Problem to solve. Print the lines in the listing below starting at the line with "العامري يتحدى الضغوط" and ending at the line with "bo*te*ga Ve*ne*ta lauren 1980-31.5*16.5*11cm", both included. Reproduce them exactly and omit every picture.

Data for review.
- - - -

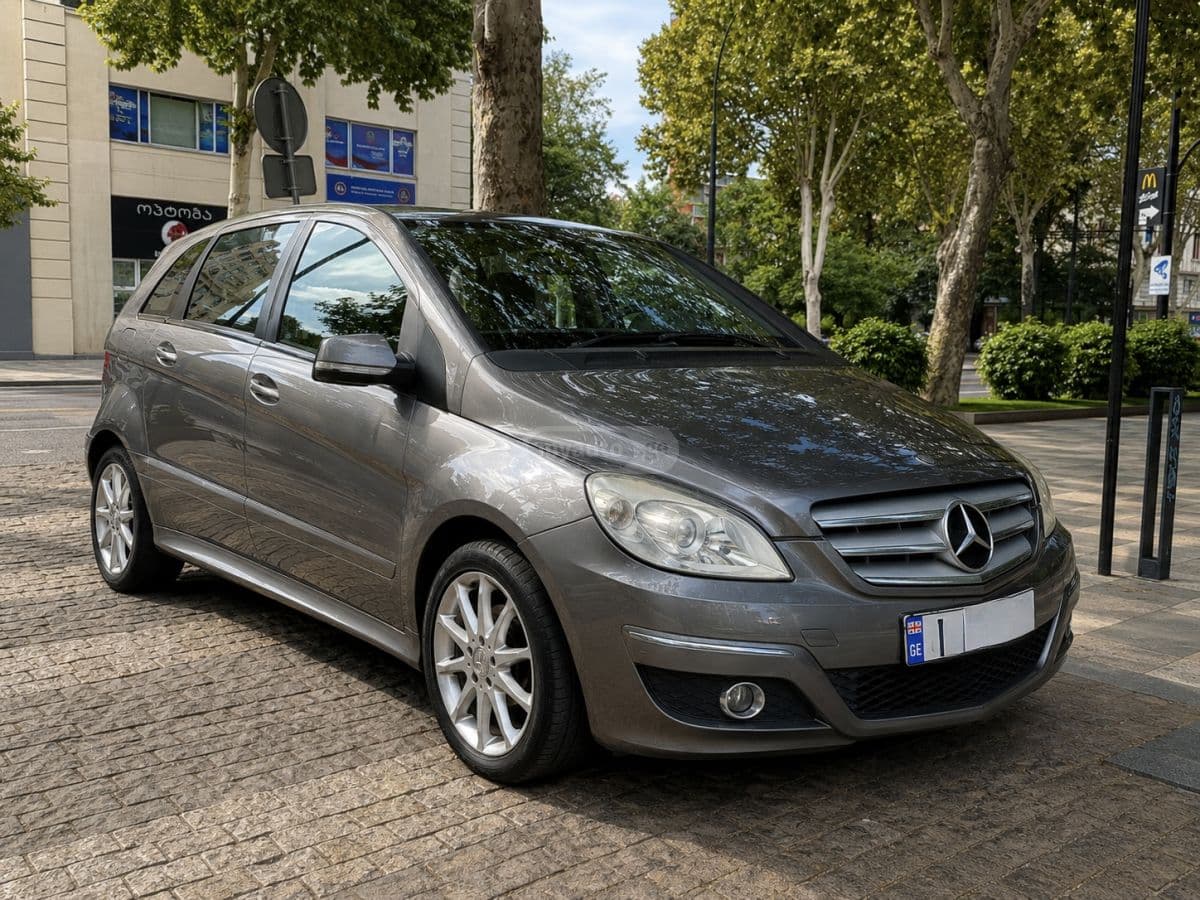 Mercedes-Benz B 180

- - - -

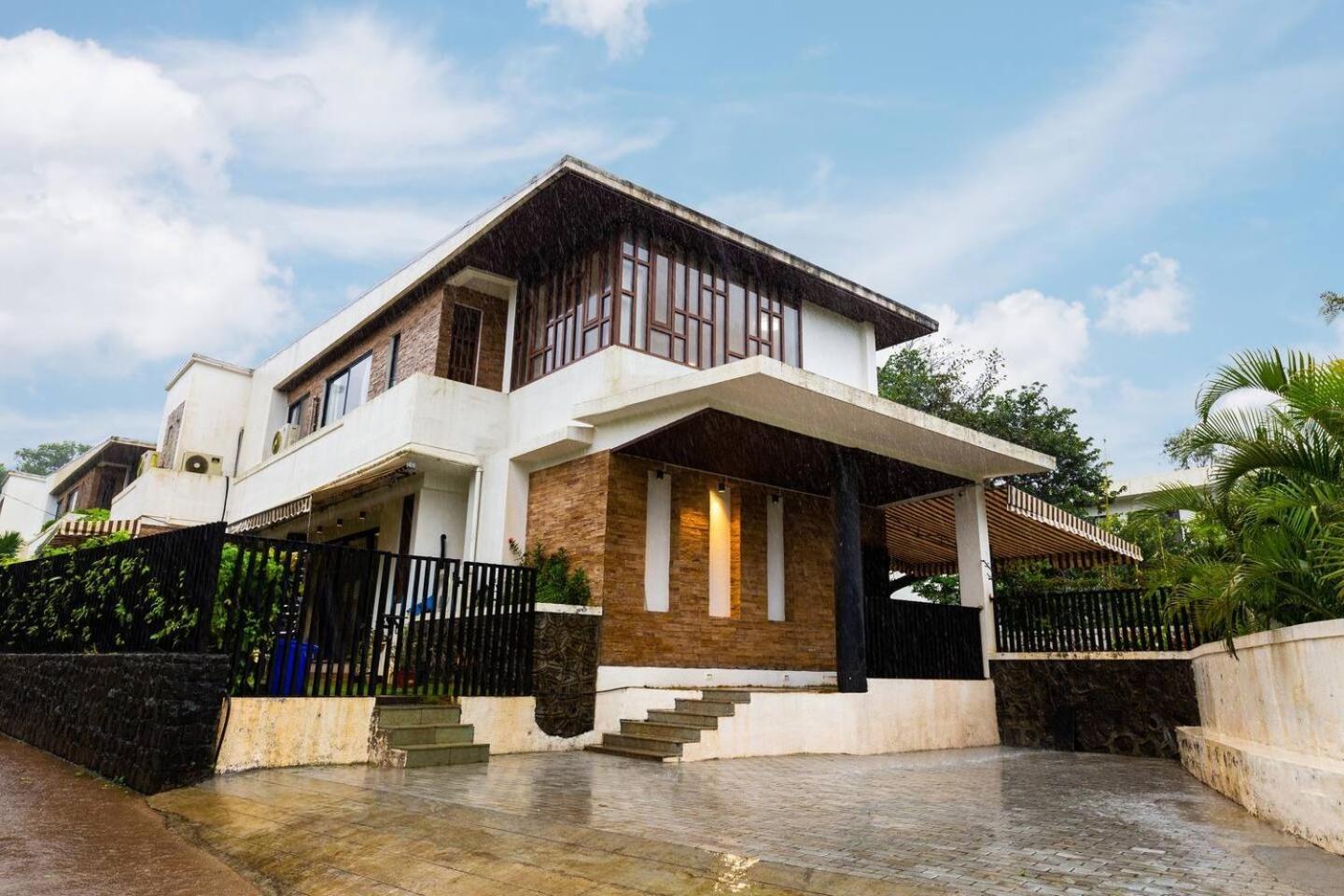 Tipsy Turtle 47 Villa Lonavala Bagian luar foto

- - - -

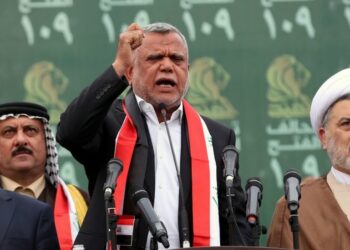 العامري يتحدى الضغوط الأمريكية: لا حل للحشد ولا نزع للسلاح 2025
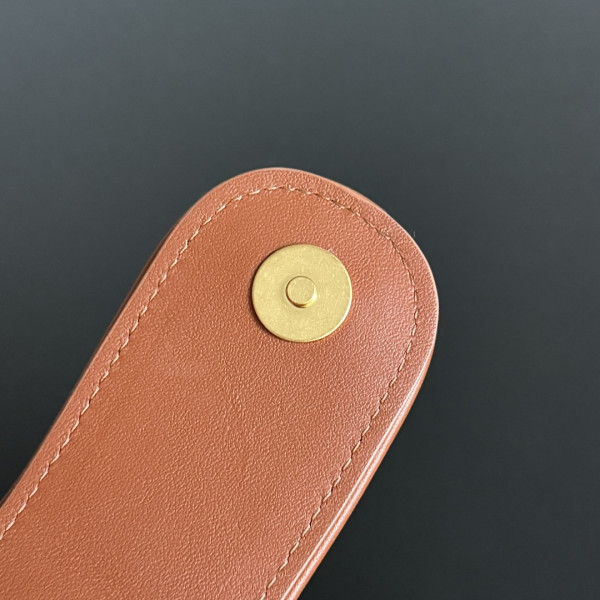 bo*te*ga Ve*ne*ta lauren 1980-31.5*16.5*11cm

- - - -

Reply to the exercise.
 العامري يتحدى الضغوط الأمريكية: لا حل للحشد ولا نزع للسلاح 2025
 bo*te*ga Ve*ne*ta lauren 1980-31.5*16.5*11cm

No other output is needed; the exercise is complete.